NATO strike at Gaddafi compound
Gaddafi has not appeared publicly since April 30 when a NATO air strike on a house in the capital killed his youngest son and three of his grandchildren.
Libyan officials said NATO airstrikes in Tripoli overnight wounded four children and two of them were seriously hurt by flying glass caused by blasts.
“The direction of at least one blast suggests Gaddafi’s compound has been targeted,” said one witness.
The Tripoli blasts occurred against a backdrop of deadlock in an insurgency that aims to end Gaddafi’s 41 years in power and a resulting dilemma for Western powers over whether to offer covert aid to rebels.
Allies including the US, Britain and France face a choice over whether to exploit loopholes in the sanctions regime to help the rebels, analysts and UN diplomats said.
Another option would be to circumvent the sanctions secretly but both courses risk angering Russia and China. They wield UN Security Council vetoes and are increasingly critical of NATO’s operations under a resolution aimed at protecting civilians.
After two months of conflict linked to this year’s uprisings in other Arab countries, rebels hold Benghazi and other towns in the east while the government controls the capital and almost all of the west of the North African state.
Fighting is escalating in the Western Mountains region near Tunisia and rebels on Monday said NATO struck government arms depots southeast of the battleground town of Zintan.
The town was quiet yesterday with no government shelling or NATO air strikes, rebel spokesman Abdulrahman said.
“The revolutionaries (rebels) are combing the area of Awiniyah where the brigades are believed to be positioned,” he said.

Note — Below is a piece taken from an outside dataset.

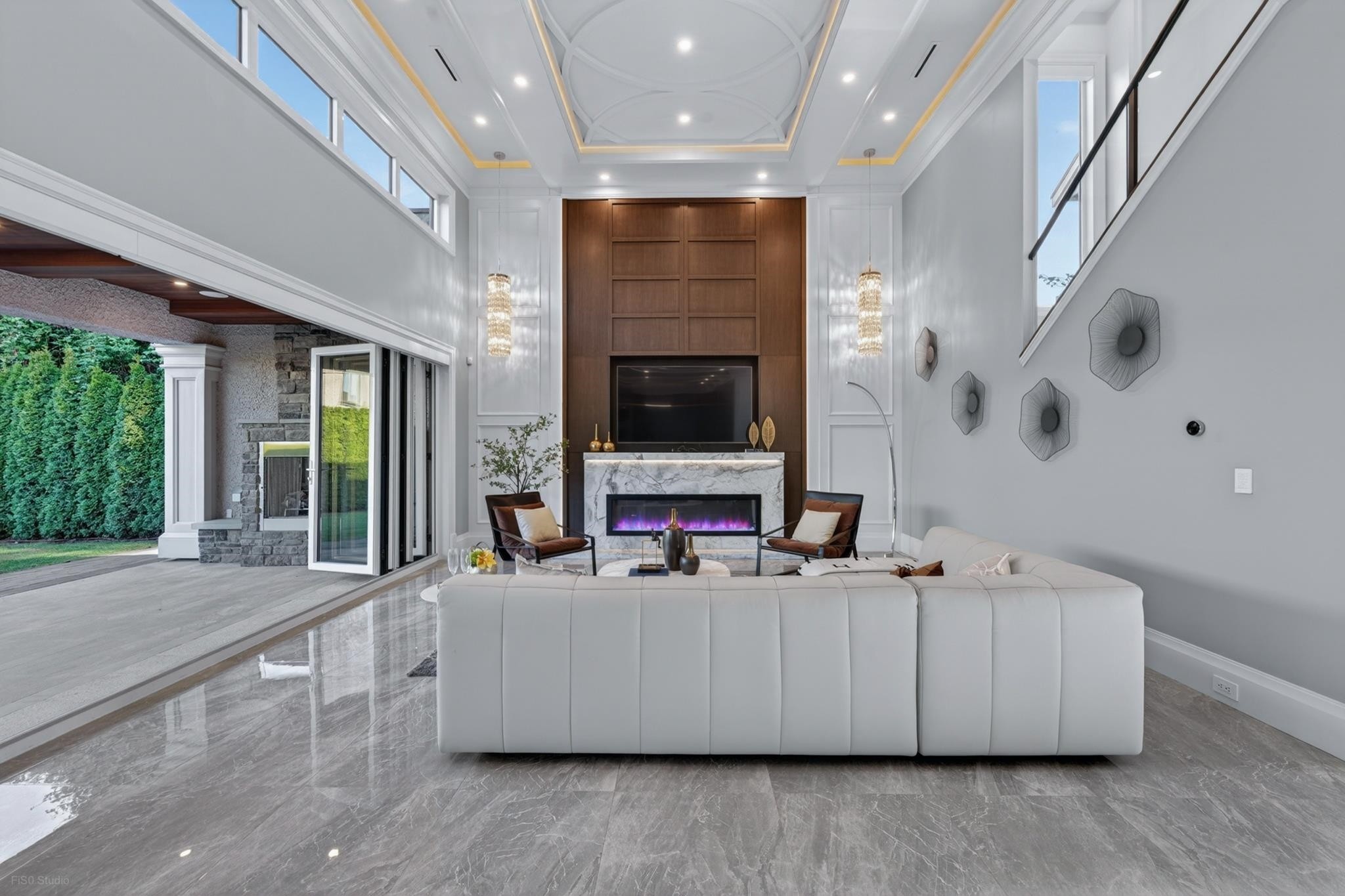 6331 Chatsworth Road, Richmond, BC - Indoor With Fireplace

The town is 25km east of Zintan.
NATO forces have also struck repeatedly at Misrata, the western city where besieged rebels have clung on for weeks in the face of a ferocious government assault. Hundreds have died in the fighting.
The rebels face a government with superior firepower and resources but a rebel military commander told Al Jazeera television his fighters killed 57 troops and destroyed 17 military vehicles during a major battle west of the insurgent-held city of Ajdabiyah on Monday.